One of the things she thinks will be an issue is firstly, if I will realise when I've gone into labour and secondly managing the pain to I don't get autonomic dysreflexia. So far most of my reading (the little I've been able to find) has suggested that I would be induced about two weeks before the baby is due. She is suggesting that they may simply admit me to hospital for the last few weeks, so they can monitor me. From my work in a previous life (thoroughbred stud) I know that inducing is something usually avoided, as the body hasn't gone through all the usual preparations if you induce, but that doesn't mean it's not a possibility still. She confirmed that, all going well, a vaginal birth is definitely possible, though I may need forceps or vacuum to assist. Well Mum needed forceps for me and there was nothing wrong with her ability to push, so if I need help I don't think that's unreasonable!  

Dr H also wants me to see an anaesthetist before I get pregnant, so we know what's going on and what to expect. (And probably so the anaesthetist can work out what they are doing)! While I can't feel the pain in the way I would have if I didn't have my SCI, it's still going to be painful to my body. For those of you who don't know what autonomic dysreflexia is, it's basically just my bodys reaction to pain or discomfort. I can feel it's hurting, so my body tells me in other ways. There are several different symptoms of dysreflexia, but the particularly dangerous one is the increasing blood pressure, hence the need for pain relief for an area I can't feel!

Another thing we discussed was my medications. I'm currently on Ditropan, which is fine, but Baclofen is a B3 drug and studies in rats have shown foetal abnormalities. She's going to get onto a group in Melbourne who specialise is pregnancy friendly drugs and see if we can find an alternative. In the meantime, I'm cutting my tablets back by half, to reduce the risk and see how my body copes on the lesser dose.
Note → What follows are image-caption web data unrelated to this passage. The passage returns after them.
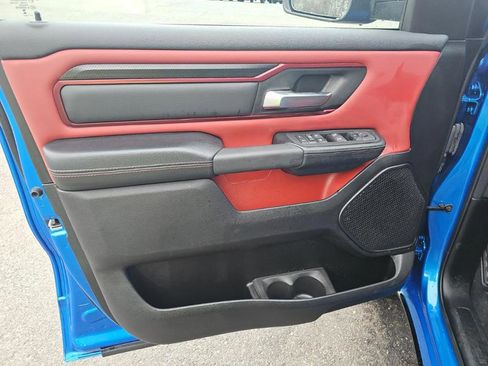 Used 2025 RAM 1500 Rebel w/ Rebel Level 1 Equipment Group AWD/4WD image 28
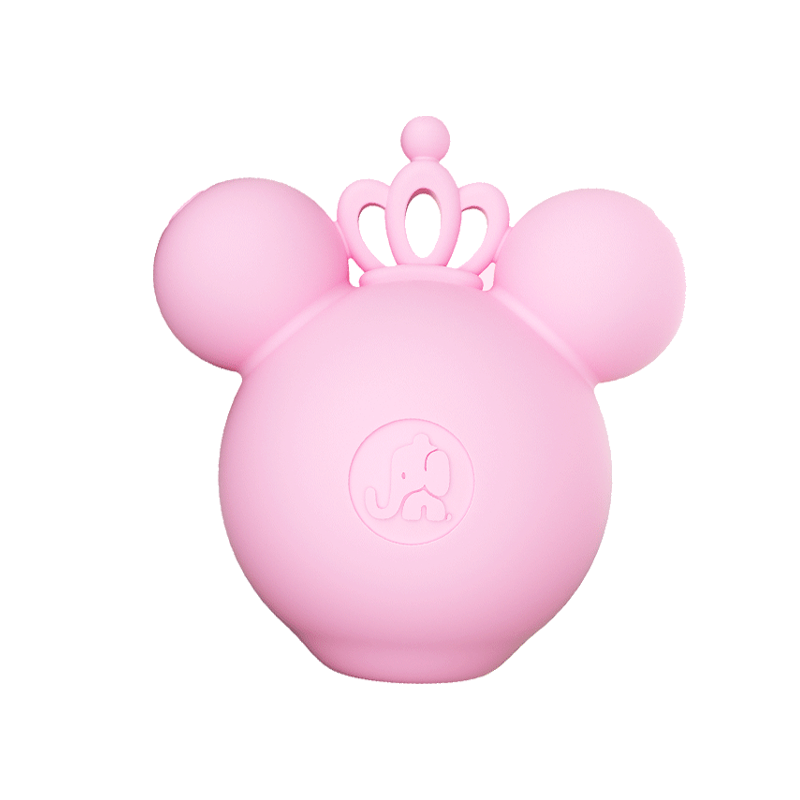 PP Mouse Mini Suction Clitoris Vibrator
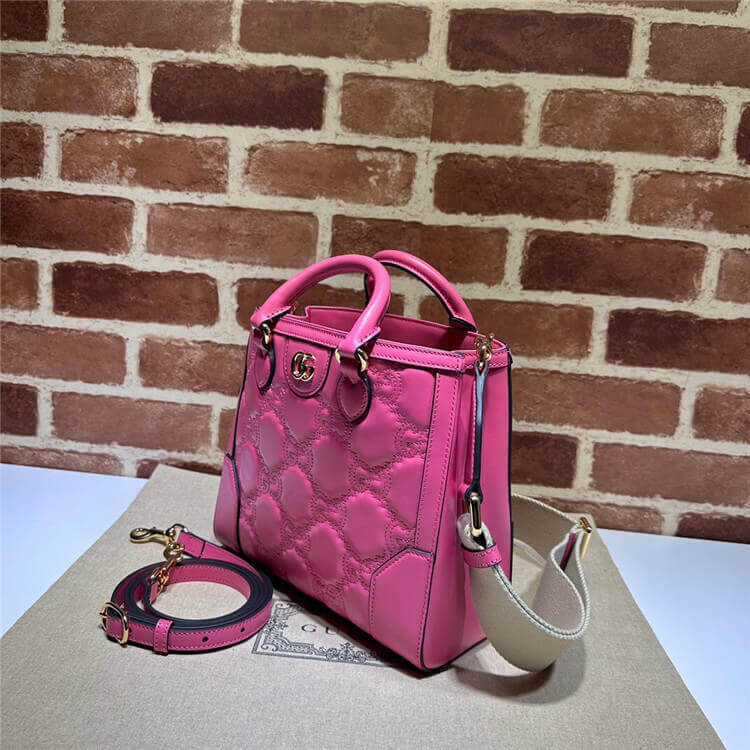 Replica Gucci GG Matelasse Tote 728309 UM8HG 8550 (3)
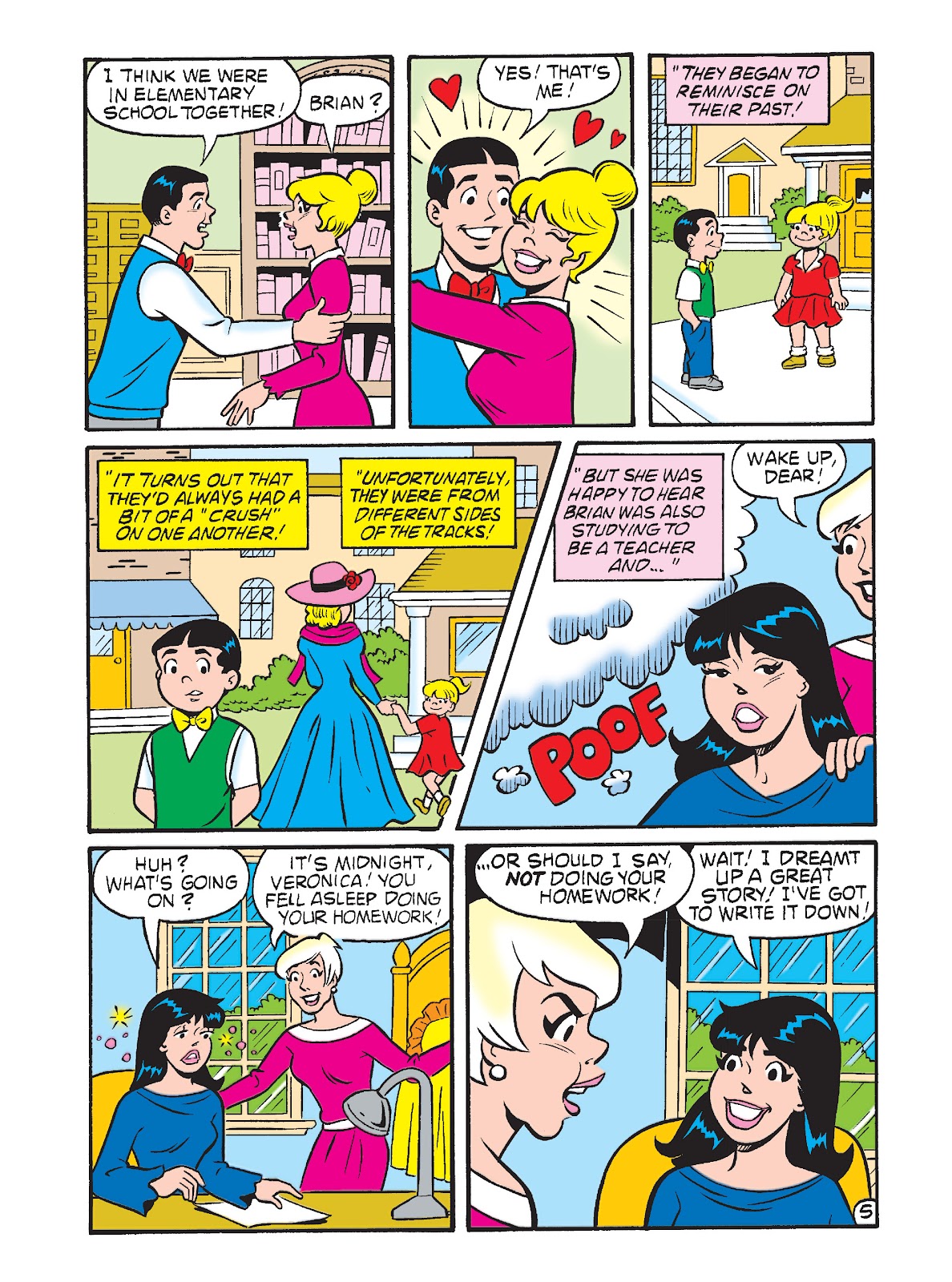 Betty and Veronica Double Digest issue 228 (Part 2) - Page 69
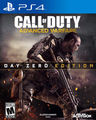 決勝時刻：先進戰爭,コール オブ デューティ アドバンスド・ウォーフェア,Call of Duty: Advanced Warfare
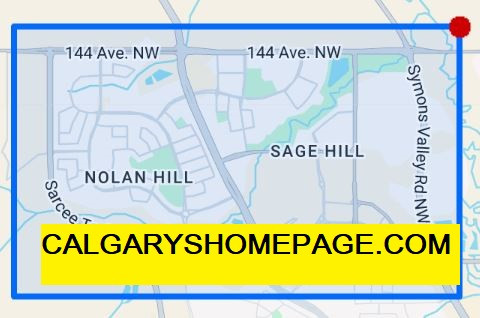 HOMES FOR SALE - SAGE/NOLAN HILL - CALGARY REAL ESTATE in Houses for Sale in Calgary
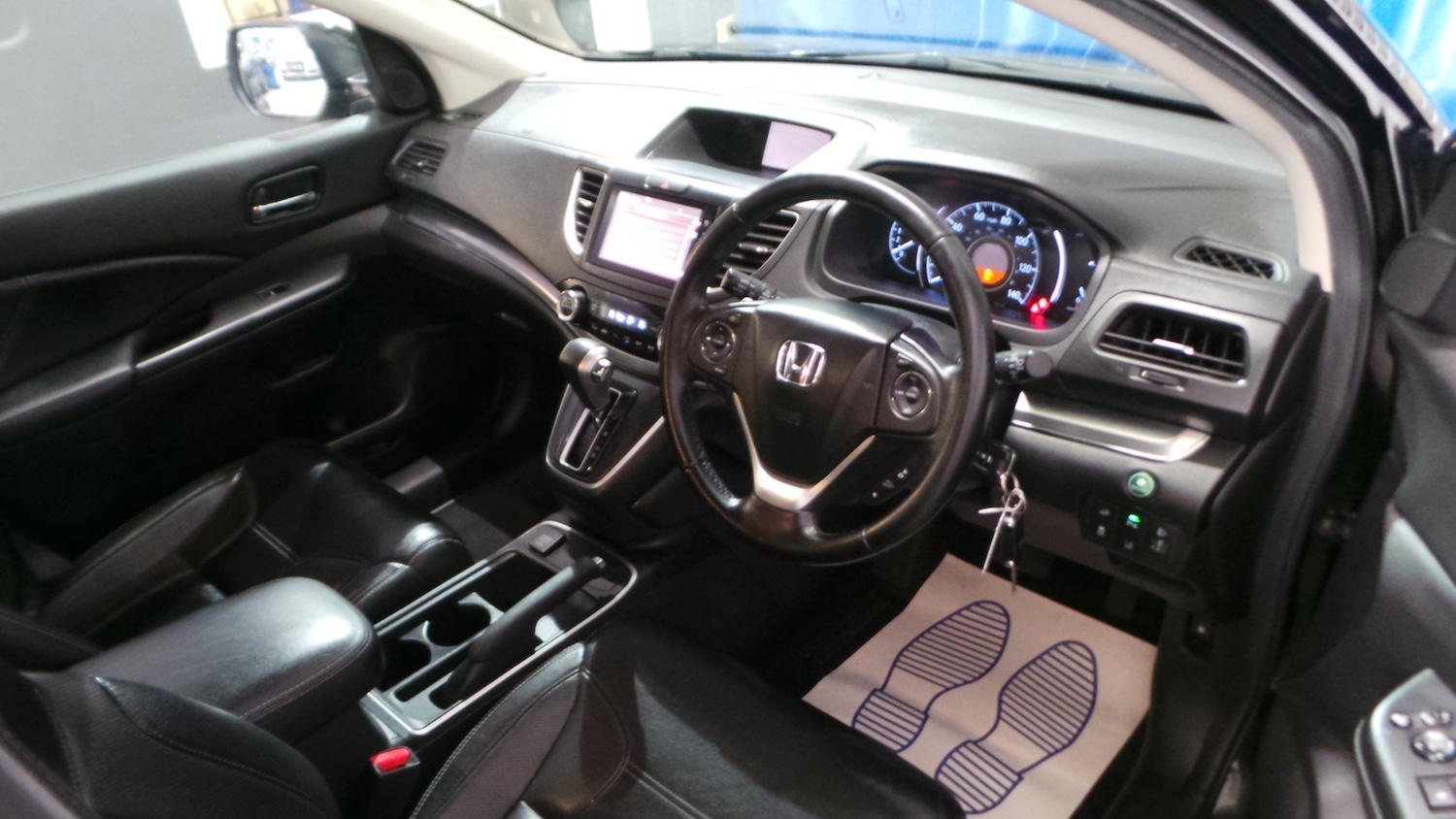 Used Honda CR-V 2016 for sale - 76904455: Photo 16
She's not worried about my kidney disease causing any trouble, since my kidneys are still functioning normally. If they weren't, I would be at increased risk of preeclampsia. She also sent me off for a blood test to test for rubella, measles etc. THis is a test they usually do when you first become pregnant, but this way if I need any vaccines, they can be updated before I get pregnant. 

Dr H spoke primarily to me throughout (I know, the OB should always be speaking to the woman, but that doesn't always happen when you're in a chair), but she did make sure she checked in with Tim and asked if he had any questions. I have a good feeling about her. 

I eventually got through to the Austin Hospital spinal outpatients clinic a few weeks ago. I have made contact with the lady in charge and she is more than happy to help me out. She also had me pass her number onto Dr H, so she can help her, or point her to those who can. I'm feeling a lot more comfortable about the whole situation now. As Dr H said, and complication or difficulties I experience are going to be SCI related (or complicated by my SCI) so I'm happy to know there are some experts only a phone call away!

Cutting out sugar doesn't seem to have made a difference really to my post pranial hypotension, but I have been able to manage it for the most part by eating small and often. Just getting in practice for when I am pregnant I guess. While I've not been drinking lately, I can't say I've been doing well at quitting soft cheese.

While I know this is still very early days, I have found myself being a little, how should I put this... obsessive. Logically, I know this will take time, but that doesn't chance the way I feel about it. I have readjusted my expectations, having spoken to different family members and friends. While it might only take me a month to get my pill out of my system, it could still take months for my cycle to settle down and for all the stars to line up. Even knowing this, I've found myself contently trying to calculate when I'll be ovulating. I've even done ovulation testing, not that that showed me anything. I have read some women won't ovulate every month, although with only one months data to go on, I could just be tested at entirely the wrong time!

I think that's probably me caught up for now!